### WHAT IS NEEDED
I'd like the records transcribed exactly, leaving the images out.

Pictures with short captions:
——————
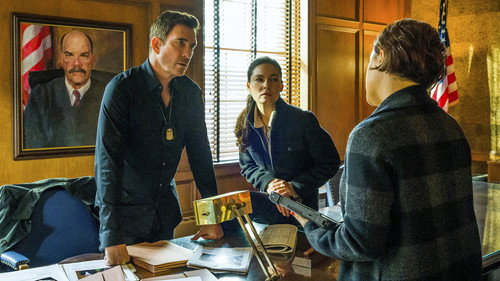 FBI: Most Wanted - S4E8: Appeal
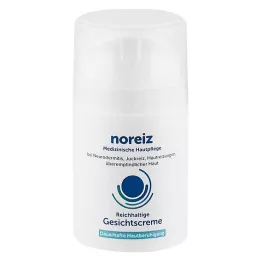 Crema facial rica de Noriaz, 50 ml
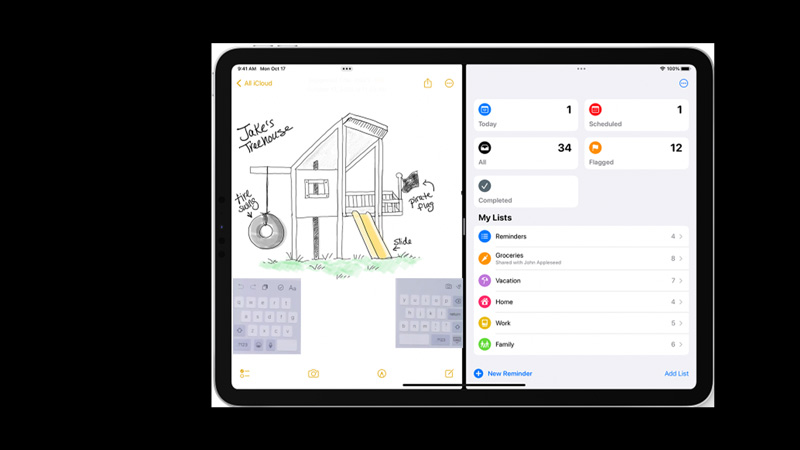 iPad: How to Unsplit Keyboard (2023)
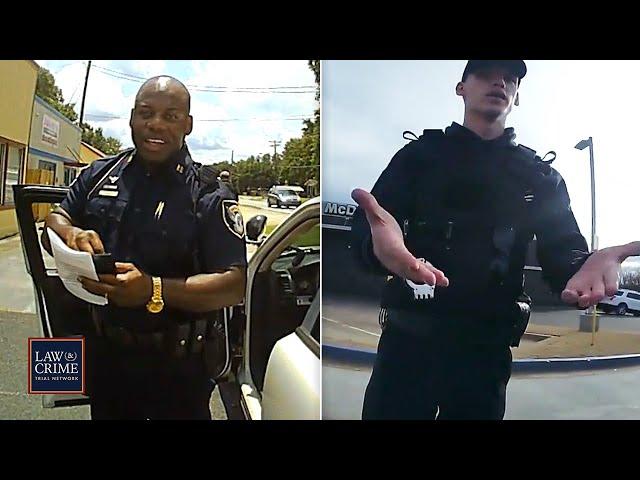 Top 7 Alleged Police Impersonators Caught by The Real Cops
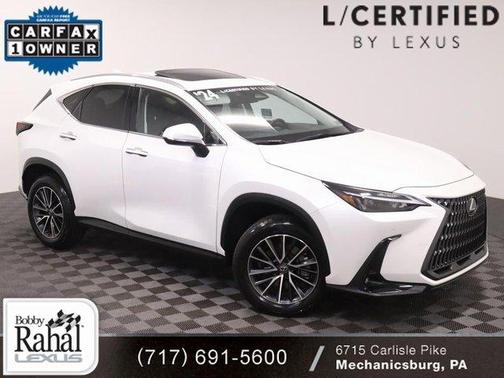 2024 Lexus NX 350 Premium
——————
### YOUR RESPONSE
 FBI: Most Wanted - S4E8: Appeal
 Crema facial rica de Noriaz, 50 ml
 iPad: How to Unsplit Keyboard (2023)
 Top 7 Alleged Police Impersonators Caught by The Real Cops
 2024 Lexus NX 350 Premium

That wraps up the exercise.